Berdasarkan data yang dihimpun berita-public.com, anggaran untuk proyek tersebut dikucurkan secara bertahap oleh Kementerian Pendidikan Tinggi dengan rincian:
1. Rehabilitasi Gedung Laboratorium Pendidikan Karakter (Al-Wasi’i) Unila Tahun 2021 — Rp15.000.000.000;
2. Pembangunan Gedung Laboratorium Pendidikan Karakter (Masjid Al-Wasi’i) Tahun 2022 — Rp19.072.118.000;
3. Rehabilitasi Gedung Laboratorium Pendidikan Karakter (Al-Wasi’i) Tahun 2023 — Rp13.925.627.000;
4. Lanjutan Rehabilitasi Gedung Laboratorium Pendidikan Karakter (Al-Wasi’i) Tahun 2024 — Rp27.282.821.000.
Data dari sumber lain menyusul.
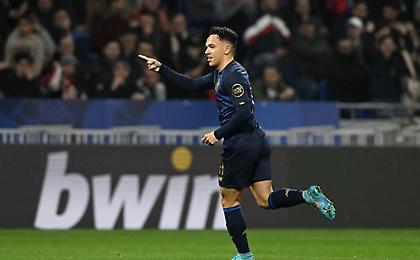 Άντεξε και τσέκαρε το εισιτήριο η Λιόν!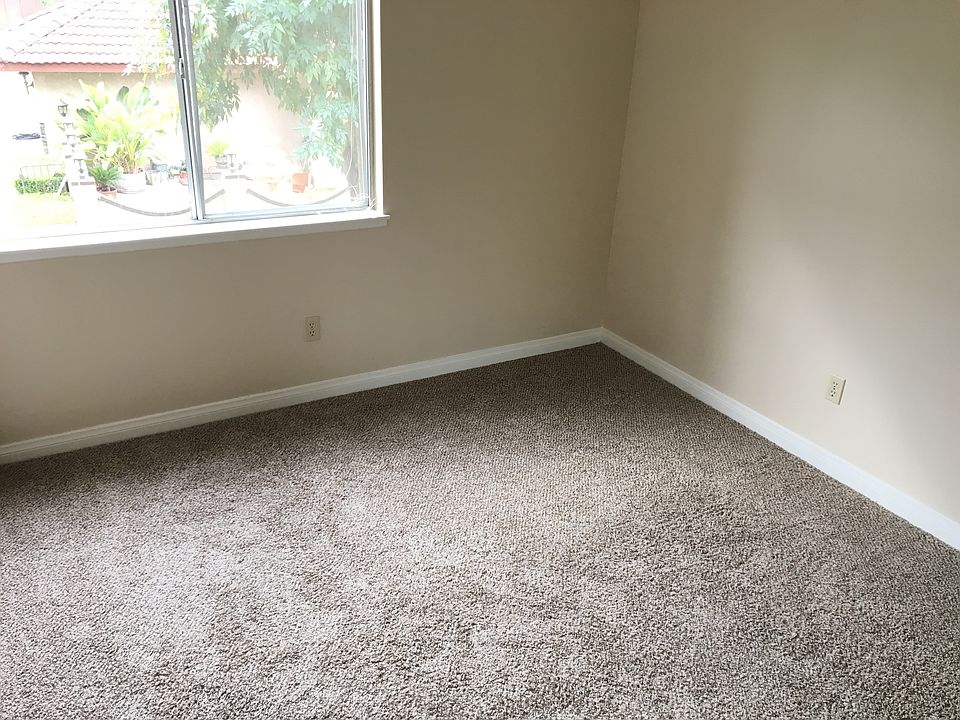 2nd image of 12876 Clover Ct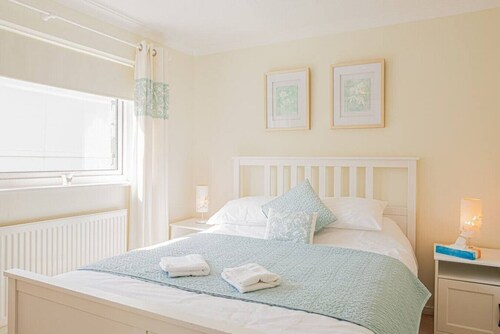 Central 2 Bed House with Garden and Free Parking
Namun hasil investigasi lapangan tim media mendapati kondisi proyek justru memprihatinkan. Area sekitar bangunan tampak tidak terawat, ditumbuhi rumput liar, sebagian plafon jebol, cat dinding mengelupas, bahkan sebagian bangunan ditutup seng dan tidak difungsikan. Proyek yang seharusnya selesai dan bermanfaat bagi civitas akademika justru terkesan mangkrak. (Rabu, 01/10/25).
Sejumlah narasumber menyebut buruknya kualitas pekerjaan diduga akibat praktik “setoran” atau fee proyek yang mencapai 15–20 persen dari nilai kontrak, yang konon diwajibkan kepada rekanan oleh pihak universitas. Akibatnya, anggaran pelaksanaan proyek terpangkas sebelum pekerjaan dimulai, dan kontraktor terpaksa mengurangi kualitas untuk tetap meraup keuntungan.
“Setoran seperti itu tidak ada dalam aturan juklak dan juknis. Begitu anggaran dipotong di depan, otomatis kualitas korban,” ujar salah satu sumber.
Dugaan penyimpangan ini memicu kritik dari kalangan pemerhati pendidikan yang menilai Unila tidak cermat dalam perencanaan dan terkesan menghambur-hamburkan anggaran negara.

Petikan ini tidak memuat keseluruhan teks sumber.